Ich frage mich oft, ob du einverstanden wärest, daß ich hier so intime Dinge aus unserem Leben schreibe. Ich weiß, du hast bei anderen Menschen nie viele Worte über dein Leben zuhause verloren. Aber ich muß die Dinge auch mal loswerden und kann unsere Tochter nicht noch mehr zumüllen. Ich weiß, das war eine blöde Äusserung, denn wir sprechen jeden Tag über dich und ich weiß, sie leidet genauso wie ich. Sie hat dich doch so sehr geliebt.Und wir beide wissen, daß wir bis mindestens Juni nächsten Jahres nicht wieder normal leben werden. Ab 17. Dezember werden wir nochmal jeden Tag diese furchtbaren und schrecklichen und für uns schlimmsten Jahres unseres Lebens durchstehen müssen.

Nun geht es auch Ekki aus "Ich pack's" sehr schlecht. Er tut mir so leid, ich konnte noch nicht mal ein paar tröstende Worte für ihn schreiben. Ich denke immer an uns, als wir die aussichtlose Diagnose erhielten. Wie schrecklich ist es für die ganze Familie. Frau und Kinder denken: Wie schrecklich, wir werden ihn verlieren.

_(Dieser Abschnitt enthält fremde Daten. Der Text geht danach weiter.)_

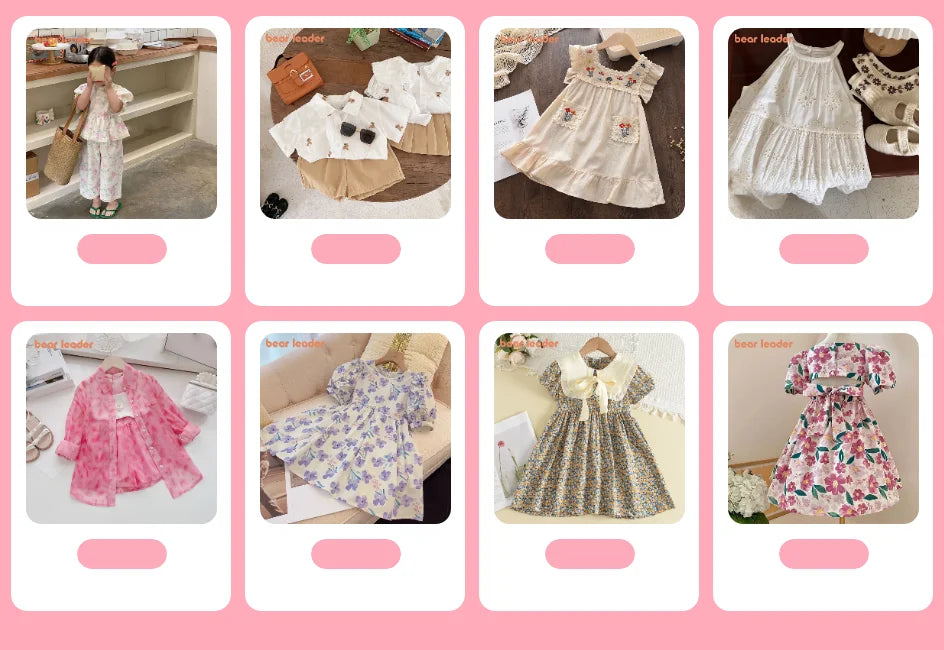 Party Princess Dresses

Wir müssen stark sein und ihm helfen und nicht merken lassen, wie schlecht es uns und ihm geht. Der Mann denkt: Ich will mein Leben nicht verlieren , ich habe Angst. Ich muß stark sein und darf meine Familie nicht belasten. Beide Aussagen sind richtig und doch falsch. Man sollte miteinander bangen und weinen und hoffen und lieben. Ich hoffe, daß Ekki nun viel mit seiner Frau redet, über glückliche vergangene Zeiten und die Restzeit. Schrecklich diese Wort: Restzeit. Man weiß es und hofft, es geht noch ewig und hofft doch, daß das Leiden des Liebsten bald ein Ende hat. Es ist ein Zustand, den man auch seinem ärgsten Feind nicht wünschen würde.

Ich liebe dich und freue mich, daß es dir nun besser geht und ich weiß, daß das so ist. Nachdem ich dich seit Tagen nicht mehr in "unserer" Wohnung spüre, weiß ich nun auch warum. Carina (mit ihrem Umbaustreß) ist wirklich total fertig und erzählte mir heute, daß sie von dir geträumt hat. Unsre Träume von dir kann man an einer Hand abzählen, aber sie kommen immer, wenn einer von uns total fertig ist. Sie träumte, daß du in ihr Zimmer kommst, in dem sie schläft, und meinst: "Komm steh auf ich lade dich zum Sarcletti zum Eis ein." Sie war sehr überrascht und auch glücklich, dich zu sehen.

Mein geliebter Mann, nun ist es fast ein halbes Jahr, seit du uns verlassen hast und es scheint erst gestern. Meine Trauer verändert sich, aber es gibt immer noch Tage, da hören die Tränen nicht auf zu fliessen. Aber ich weiß nun, alles mußte so kommen und du hast deinen Frieden gefunden und wir werden unseren auch noch finden. Du bist fern und doch so nah und solange wir dich spüren, bist du bei uns.